Out Of The Caribbean: ‘Heroes Of The Massacre River’ Wins 2026 Caribbean Film for Peace Award
Directed by Samuel Dameus | Award announced 7th May 2026 The Massacre River runs along the northern border between Haiti and the Dominican Republic. Its name comes from a seventeenth-century skirmish, though it has been associated with violence many times since. In 1937, Dominican dictator Rafael Trujillo ordered the killing of thousands of Haitians along […]
Directed by Samuel Dameus | Award announced 7th May 2026
The Massacre River runs along the northern border between Haiti and the Dominican Republic. Its name comes from a seventeenth-century skirmish, though it has been associated with violence many times since. In 1937, Dominican dictator Rafael Trujillo ordered the killing of thousands of Haitians along its banks, a massacre the Dominican state did not formally acknowledge for decades. The river is a place where history is still being disputed, and where the local communities on both sides have continued to live, work, and build under duress regardless.

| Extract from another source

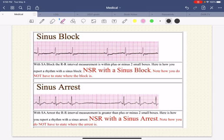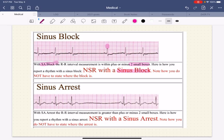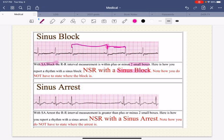There's a difference between a sinus arrest and a sinus block. With a sinus block, the RR interval measurement is within plus or minus two small boxes. Here is how to report a rhythm: 'normal sinus rhythm with sinus block.' What that means is that the difference between this interval and this interval is less than double what it was, and definitely less than two and a half seconds. A sinus arrest, on the other hand, has an interval measurement greater than plus or minus two small boxes. So if it's less than two boxes, then sinus block; more than two boxes, then sinus arrest.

Haitian filmmaker Samuel Dameus made The Heroes of the Massacre River about one such act of building: the construction of the Ouanaminthe canal, a locally driven infrastructure project along the Haitian side of the river. The 80-minute documentary centres the canal as an expression of Haitian civic agency. We see communities organising themselves, outside of state or international intervention, to address their own needs.
It was announced that the project had won the 2026 Film for Peace Best Film Caribbean Award, presented by the International Peace Alliance, a Canada-based organisation promoting global peace through art, culture, and education. The award will be formally presented in Toronto on 24th October.

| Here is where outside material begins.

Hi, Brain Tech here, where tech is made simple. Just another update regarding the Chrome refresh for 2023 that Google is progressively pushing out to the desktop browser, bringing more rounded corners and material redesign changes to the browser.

The recognition is significant, Haiti is almost never absent from international headlines, but its presence there is almost always tied to catastrophe: gang violence, political collapse, earthquake, flood. The documentary tradition that comes from within Haiti, made by Haitian filmmakers, about Haitian people acting with intention and agency, gets almost no distribution. Dameus’ film is currently available online via BOYOfilms.com, which is to say it exists at the margins of where most audiences will ever find it.
An international peace award from a Canadian civic body will not, by itself, change the distribution landscape. But it does something important: it places a Haitian-made film about Haitian civic resistance on a stage where it can be seen not as a testimony to their ongoing suffering, but as evidence of a filmmaking culture with urgent things to say about history, memory, and collective action.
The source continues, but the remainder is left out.